Again, because this is a newspaper's website, we get lucky and have the date that the article was published right next to the author's name. Most article and blog posts will have a date attached to them, which can be a real help. If your web page doesn't have a "date posted" piece of information, try looking at the bottom of the page for a "page last updated" section. Many websites automatically include that when their owner updates.

  • Next we look at the article/information itself. How is it written? Is it just straight–up opinion, or does it give facts and statistics? If it gives any sort of statistics, does it cite the source of them (either formally, in a citation like your professors ask you to do, or informally, saying "As such and such report from Big Agency says. . . ")?

Any time a website starts throwing around facts and statistics and doesn't say where they got them from, be worried. Be very worried. Back away from the website slowly.

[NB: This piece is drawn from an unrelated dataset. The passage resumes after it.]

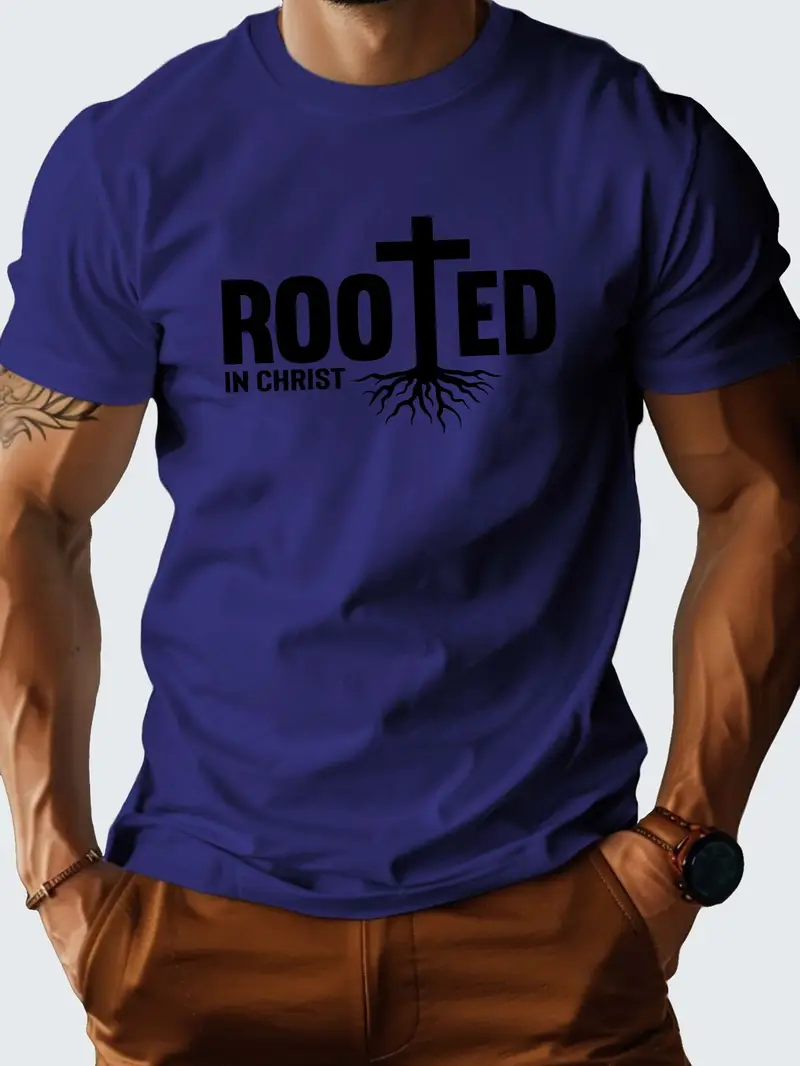Rooted in Christ T-Shirt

Our article provides links to their references including a survey the article uses for data:

Close up screenshot of body of New York Time article with circles around the links embedded in the text.

So now that we have poked and prodded our website, and gotten answers out of it, what can we conclude?

In this particular example, we know that our web page is:

  • Posted on the New York Times' website, a known, credible newspaper.
  • Written by the Editorial Board with viewable journalist credentials.
  • Is part of the Editorial Section, so may be more inclined toward opinion than unbiased reporting.
  • Quotes statistics, but gives links to the articles they are taken from.

So this page is probably a good starting point in our research, but not something that we could cite in our paper, especially if our professor had specified that we need to use academic journal articles only.

BUT!
Remember those links we pointed out above? Those could be perfectly acceptable to cite in our paper. Websites are great for this sort of thing—you can get a good overview of a topic, and, if it's a good website, you'll get links/references tol articles that you can track down for your research.

Websites are a perfect example of why research is a multi-step process—you might not be able to directly use the information you find on them, but they will often lead you to resources that you can use. So don't stop after the first step, keep going!